Date: Wednesday 13 November at 19:00 GMT
Venue: online presentation on Zoom
Speaker: Aimee Lee
Description:
Since 2007, Aimee Lee has been immersed in all things hanji, which is Korean paper. In this
talk, she will share her trajectory from the US to Korea in search of papermaking skills, ancestral
reclamation, and a sense of how to locate hanji in the global history of paper.

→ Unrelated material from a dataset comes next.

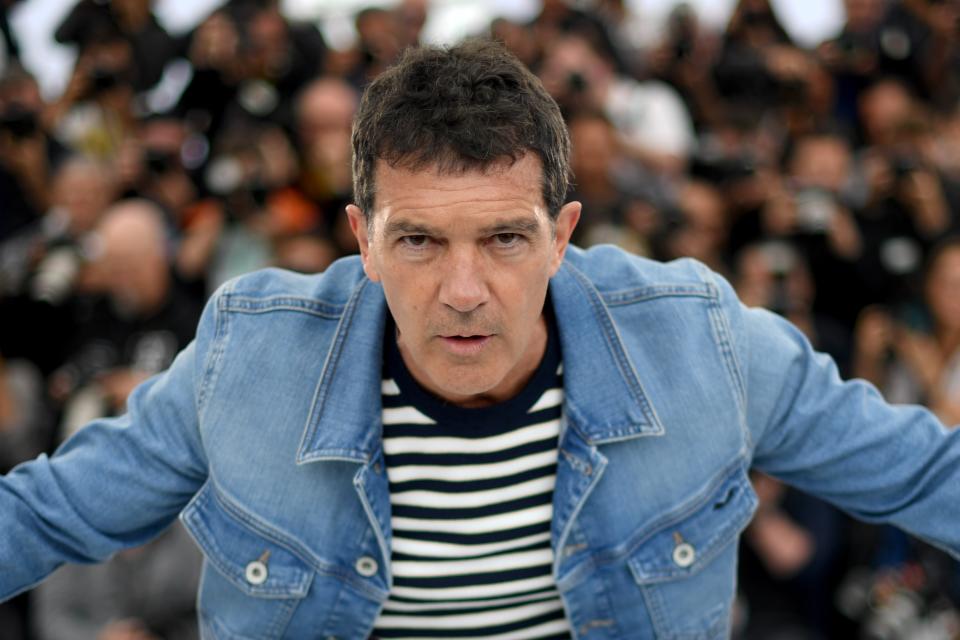 15 choses que vous ignoriez sur Antonio Banderas, qui fête ses 59 ans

This journey led to building
the first North American hanji studio, writing the first English-language book dedicated to hanji, and a
studio practice that continues to test the possibilities of this ancient yet contemporary substrate.

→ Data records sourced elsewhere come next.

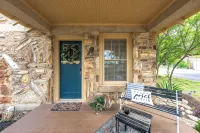 Cornerstone Cottage-Near Downtown-Pet Friendly - 4つ星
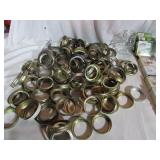CANNING LIDS LOT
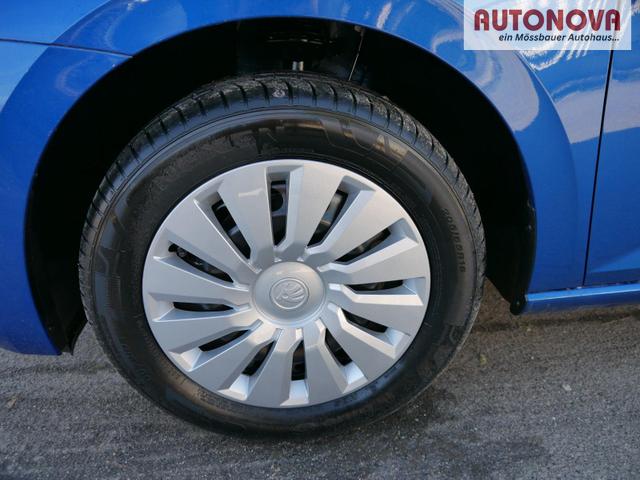 Skoda Scala Selection 1.0 TSI DSG*NAVI-&Uuml;BER-SMARTLINK*PDC-HI*LED*TEMPOMAT*SHZ*DAB*KLIMA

Through images and video, she will chart the path from direct transmission of intangible culture in the
Korean countryside to the seeding and flowering of hanji making, training, and awareness in America.

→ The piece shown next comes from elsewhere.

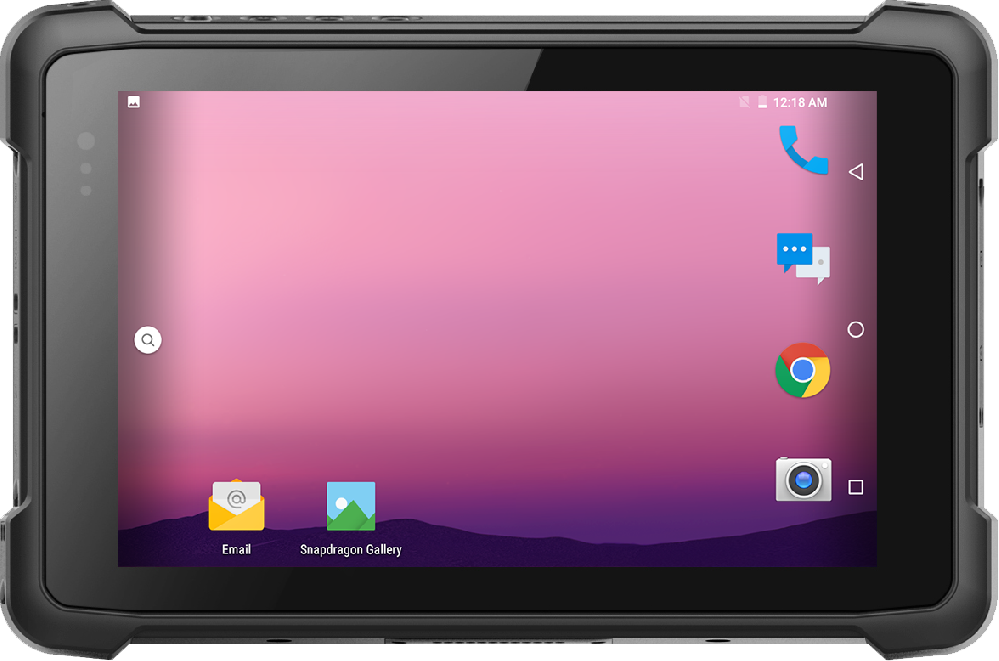 移動(dòng)護(hù)理管理平板電腦的優(yōu)勢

Cost: £20 for members, £40 for non-members
No limit on attendees.
Biography:
Aimee Lee is an artist who makes paper, writes, and advocates for Korean papermaking
practices. Designated as an Ohio Arts Council Heritage Fellow, she is a two-time Fulbright scholar to Korea, where she learned about making hanji, its applications, and its tools, and has studied with various Korean national and provincial holders of intangible cultural heritage since 2009. Her research led to the first hanji studio in North America, an award-winning book, Hanji Unfurled, and an active studio practice that includes jiseung, joomchi, paper textile, botanical paper, book art, and natural dyeing techniques.
She has shared these techniques and stories across the world and from her private hanji studio east of Cleveland.